Dennis Culloton, President and CEO
MGM Resorts International announced last week they had sued 1000’s of plaintiffs who had sued the company after last fall’s bloody Mandalay Bay Las Vegas shooting. On October 1, Stephen Paddock fired his semiautomatic rifles out his 32nd floor Mandalay Bay Hotel room onto country music goers below killing 58 people and injuring 500 others. The hotel claims their security vendor, Contemporary Services Corp, followed all correct security procedures and are not liable.
This is an aggressive litigation tactic designed to win the battle to avoid liability for damages. While MGM may win the legal battle, they have already lost the hearts and minds of the public.
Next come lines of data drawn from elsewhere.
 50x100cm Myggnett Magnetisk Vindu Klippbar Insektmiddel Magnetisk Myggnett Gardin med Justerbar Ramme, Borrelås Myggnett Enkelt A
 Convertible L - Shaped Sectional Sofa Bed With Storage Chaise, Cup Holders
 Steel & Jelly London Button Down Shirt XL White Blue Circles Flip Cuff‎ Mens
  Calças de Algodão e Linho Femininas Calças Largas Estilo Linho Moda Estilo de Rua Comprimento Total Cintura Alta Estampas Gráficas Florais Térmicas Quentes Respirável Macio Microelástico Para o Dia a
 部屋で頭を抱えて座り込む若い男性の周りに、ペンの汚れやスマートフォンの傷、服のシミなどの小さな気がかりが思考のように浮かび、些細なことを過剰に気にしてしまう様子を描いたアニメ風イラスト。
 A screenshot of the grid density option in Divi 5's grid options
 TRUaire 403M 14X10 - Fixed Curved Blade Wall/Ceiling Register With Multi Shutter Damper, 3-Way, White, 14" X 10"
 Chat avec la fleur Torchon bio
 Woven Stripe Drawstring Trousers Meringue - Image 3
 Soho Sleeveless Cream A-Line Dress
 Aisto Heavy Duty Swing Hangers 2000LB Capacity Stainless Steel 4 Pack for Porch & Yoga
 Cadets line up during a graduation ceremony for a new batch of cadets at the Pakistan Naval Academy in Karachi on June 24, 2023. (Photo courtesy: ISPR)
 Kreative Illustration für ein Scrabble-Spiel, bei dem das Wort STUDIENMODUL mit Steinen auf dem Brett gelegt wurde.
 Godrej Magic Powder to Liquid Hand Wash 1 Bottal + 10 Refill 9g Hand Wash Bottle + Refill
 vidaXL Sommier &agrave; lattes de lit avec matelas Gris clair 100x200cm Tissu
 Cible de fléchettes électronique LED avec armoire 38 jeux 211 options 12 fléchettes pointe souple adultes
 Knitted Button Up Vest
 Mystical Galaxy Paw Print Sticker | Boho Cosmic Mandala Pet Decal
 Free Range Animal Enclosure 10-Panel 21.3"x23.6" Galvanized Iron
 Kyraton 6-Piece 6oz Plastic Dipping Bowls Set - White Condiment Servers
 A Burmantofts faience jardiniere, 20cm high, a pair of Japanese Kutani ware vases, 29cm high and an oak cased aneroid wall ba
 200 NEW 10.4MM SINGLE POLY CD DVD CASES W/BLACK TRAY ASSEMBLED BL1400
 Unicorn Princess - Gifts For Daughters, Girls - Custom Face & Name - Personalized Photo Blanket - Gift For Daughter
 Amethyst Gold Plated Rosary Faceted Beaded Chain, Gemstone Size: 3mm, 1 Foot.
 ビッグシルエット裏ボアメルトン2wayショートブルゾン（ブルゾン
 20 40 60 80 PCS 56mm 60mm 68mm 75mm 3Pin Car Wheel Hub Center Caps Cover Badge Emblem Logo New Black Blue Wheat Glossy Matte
Risky, considering legal experts say it’s an untested strategy, relying on a post September 11 federal law designed to protect companies employing anti-terrorist technologies.
In the past, when brands have faced disasters, a frequent strategy has been to go the route of alternative dispute resolutions and agreeing to settlements managed by special masters. But even these settlements are enormously expensive.
MGM Resorts is instead rolling the legal dice. MGM has an experienced top communicator in the executive ranks. The question is did she argue against this strategy in the board room? Was she outflanked by the legal team or the CEO or both?
In an ironic twist, earlier this year, MGM Resorts boasted of its ranking as one of the world’s most admired companies according to Fortune. With this legal strategy, the public has already rendered its verdict on the reputation of the brand, launching a boycott of MGM properties.